All Spicy Food Is From Latin America

If you ever go to Asia (do not do this, it is too big, and trying to comprehend it will only convince you that your mind was never meant to really comprehend anything) and you want to put all the attention rightly back on yourself, the important American, here is a little trick you can use. First, be in one of the countries that makes really spicy food, and then performatively eat stupid amounts of it in front of everyone. Hurt yourself badly, but pretend like you do this all the time. Probably, everyone will laugh and someone will say, “Whoa! Usually Western people don’t like chilis.”

This is your chance. Lean forward, sweating like a giant asshole, wink, and say, “Actually, all spicy food is from the West. Chilis come from Central and South America, and they were brought over here after Spanish colonization. None of your chilis are native to Asia.”

People will probably want to fight you. Because obviously, this is what is called a huge “dick move” in every language on Earth.

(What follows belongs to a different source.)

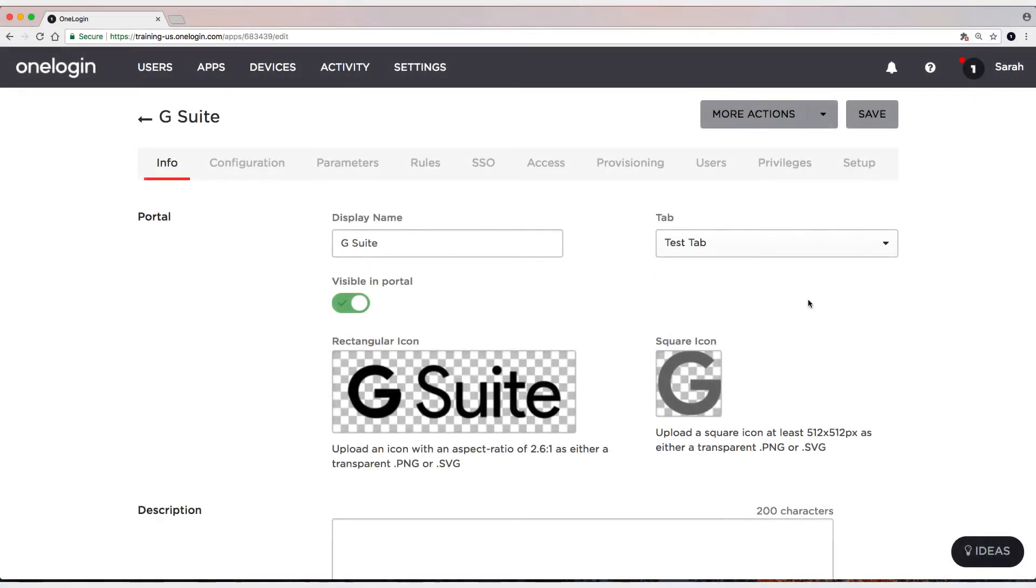And this is the second installment on setting up G Suite in OneLogin. And in this video we're going to cover provisioning.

I personally have a bit of Mexican heritage, and a small chip on my shoulder about the fact that the agricultural and civilizational achievements of Pre-Columbian Meso-America are insufficiently recognized (in 1492, the Aztec capital of Tenochtitlan was larger than any European city, until Spaniards destroyed it).

That said, many Indonesians, or Malaysians, etc., do know the botanical history of the capsicum, just like some Texans know that conquistadoresactually brought over their “longhorns” and many Italians know that pasta is probably originally Arab (not Chinese, like in that Marco Polo story, which is fake) and that their famous red sauces often lean pretty hard on the Central American tomatl, (one of a few words from Nahuatl that actually traveled into Western European society, instead of the other way around).